Dalton completed its funding round in April, raising $86,760, 13% shy of their goal. But it was enough to get a bottling line and fresh stock of bottles, labels, and boxes. They filled those up and started shipping them out, with Artisan happily taking the stock. Artisan vice president of sales Paul Bynum was ecstatic to see the return. He knows that big-market booze brands like Ole Smoky and Sugarlands Shine don’t have the knowhow of the Butler clan, and he’s here to support Dalton as they shift their focus toward selling more bottles on the shelves he stocks.

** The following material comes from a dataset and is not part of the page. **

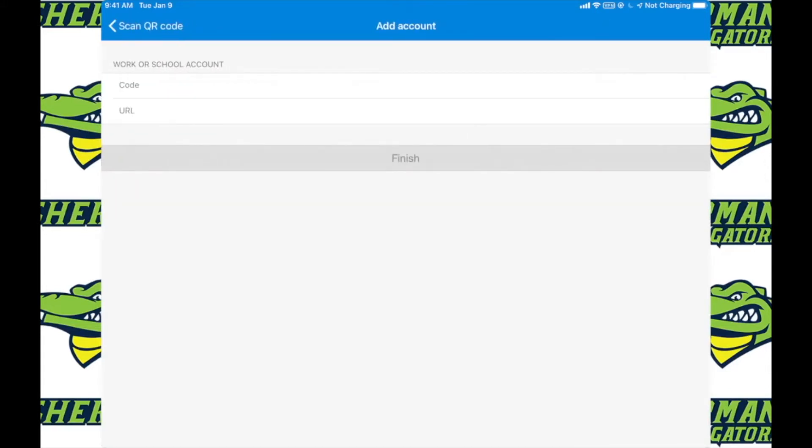After clicking on that, it'll bring up this screen asking you for a code and a URL. The next part I will show you how to find this code and URL within the students or your own Office 365 accounts.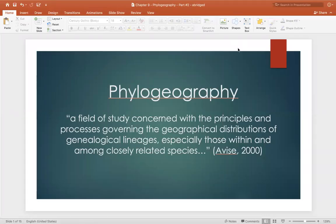In this video we're going to be discussing phylogeography, which can be defined as the evolutionary study of organisms based on their genetic information in correlation with geographic location. This is important because it can provide inferences about evolutionary history of particular populations, their current status, as well as speculations about future progress.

“Chuck and I are going up against huge companies in our marketplace, and we got to fight that battle together.”
— Paul Bynum, Vice President of Sales, Artisan Beverages of Georgia “Chuck and I are going up against huge companies in our marketplace,” Bynum says. “And we got to fight the battle together.”
DISTILLING THE FUTURE—RESPONSIBLY Dalton’s resurgence hasn’t been on the back of TazaRay or Raymond’s Reserve or even Tanto Vodka. It's Responsibly Vodka, a smart-alecky brand launched in 2019, that’s ringing the registers for Dalton.
Devised by Chuck, who’d ironically enough spent some time in law enforcement, the name seemed almost too good to ignore. Why bust his hump shilling moonshine when he can put out a convivial line of easy-drinking vodka and have every big-name liquor brand name drop him at the end of every TV ad?
“His idea was, ‘I'm always telling people to drink responsibly, but there's nothing out there named Responsibly,’” says Bynum, who helped launch the brand. “So, we said, ‘Let's give it a try, let's see what it'll do.’”
It’s done a lot. According to Trey, Responsibly sells 10 pallets a week, accounting for 95% of Dalton’s total volume. Bynum praises the vodka itself. It’s more than good marketing, it’s the highest selling vodka Artisan has ever stocked. A big chunk of the SMBX money has gone towards rebranding the spirit to make it look more in line with Dalton’s other offerings, even if it feels less like what was pouring out of the still when a young Raymond was climbing in for cleanings.
The moonshine will always be there. The Butlers have learned through the generations that it’s something that you have to keep close to home. Something to share with the locals. So if you’re traveling through historic downtown Dalton, there’s a lineup of tastings on the distillery menu—even if the moonshiner silhouetted on the label is no longer around to pour it for you.
With a hefty cash infusion and an inventory refresh, Trey is ready to save the farm once again. As with moonshine, there are many ways to run a business, but it takes gumption to do it right. Trey’s committed to that ethos, and he’s got three generations behind him pushing him to dream bigger, to make that legacy of hard work and cunning finally pay off.
“It’s gonna take some time, but we’ll get there,” Trey says. “My goal is to be the biggest vodka in the United States. And I’m waiting to be the number one contract bottling distillery in the world as well.”